Tableau récapitulatif
| Élément | Détail |
|---|---|
| Épreuve | 200 Miglia di Imola, 1re édition, Formule 750 |
| Date | 23 avril 1972 |
| Circuit | Autodromo Dino Ferrari, Imola (Italie), environ 5 km |
| Distance | 200 miles, soit environ 322 km |
| Vainqueur | Paul Smart (GB), Ducati 750 Imola Desmo |
| 2e / 3e | Bruno Spaggiari (Ducati) à environ 4 s / Walter Villa (Triumph Trident) |
| Vitesse moyenne | 97,8 mph, soit 157,4 km/h |
| Abandon marquant | Giacomo Agostini (MV Agusta 750), ennui mécanique vers le 41e tour |
| Moteur de la Ducati | Bicylindre en L à 90°, 748 cm³, 80 × 74,4 mm, desmodromique, arbres et couples coniques |
| Puissance / poids | Entre 80 et 86 ch selon les sources, de 8 500 à 9 200 tr/min, environ 176 kg à sec |
| Concepteur | Fabio Taglioni (1920-2001), ingénieur en chef de Ducati |
| Héritage direct | Ducati 750 SS « green frame » 1974, 401 exemplaires |
FAQ — Questions fréquentes
Quand a eu lieu la première édition des 200 Miles d'Imola ?
Le 23 avril 1972, sur l'Autodromo Dino Ferrari d'Imola, en Italie. L'épreuve avait été créée pour offrir à l'Europe l'équivalent du Daytona 200 américain, sur une distance de 200 miles, soit environ 322 km.

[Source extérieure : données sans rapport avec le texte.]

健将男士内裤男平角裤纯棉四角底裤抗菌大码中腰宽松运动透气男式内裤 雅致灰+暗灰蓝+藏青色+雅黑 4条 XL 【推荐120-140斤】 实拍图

Qui a gagné les 200 Miles d'Imola 1972 ?
Le Britannique Paul Smart, sur Ducati 750, devant son coéquipier italien Bruno Spaggiari, également sur Ducati, avec environ quatre secondes d'écart. Walter Villa a complété le podium sur une Triumph Trident. Giacomo Agostini, favori sur MV Agusta, avait abandonné sur ennui mécanique vers le 41e tour.
Quelle moto Paul Smart pilotait-il à Imola ?
Une Ducati 750 Imola Desmo, dérivée de la routière 750 GT. Son moteur est un bicylindre en L à 90 degrés de 748 cm³, alésage-course 80 × 74,4 mm, à distribution desmodromique par arbres et couples coniques, développant entre 80 et 86 chevaux selon les sources, pour près de 176 kg à sec.
Quel a été le rôle exact de Fabio Taglioni ?
Ingénieur en chef de Ducati depuis 1954, Taglioni a conçu le bicylindre en L à partir de ses premiers croquis du 20 mars 1970, avec un prototype complet dès août 1970. Il a également imposé la distribution desmodromique, qu'il avait validée en course dès 1956 sur une 125 de Grand Prix.
Comment Paul Smart s'est-il retrouvé sur la Ducati ?
Il courait alors aux États-Unis sur Kawasaki. L'importateur britannique Vic Camp a soufflé son nom à l'usine, et c'est sa femme Maggie, sœur de Barry Sheene, qui a accepté l'invitation en son absence. Le contrat se limitait au billet d'avion et à 500 livres de cachet.
Quel modèle de série est né de cette victoire ?
La Ducati 750 Super Sport de 1974, dite « green frame » à cause de son cadre vert, produite à 401 exemplaires. Souvent présentée comme la première réplique de série d'une machine victorieuse, elle reprenait les 748 cm³ desmodromiques et développait plus de 70 chevaux à 9 000 tr/min.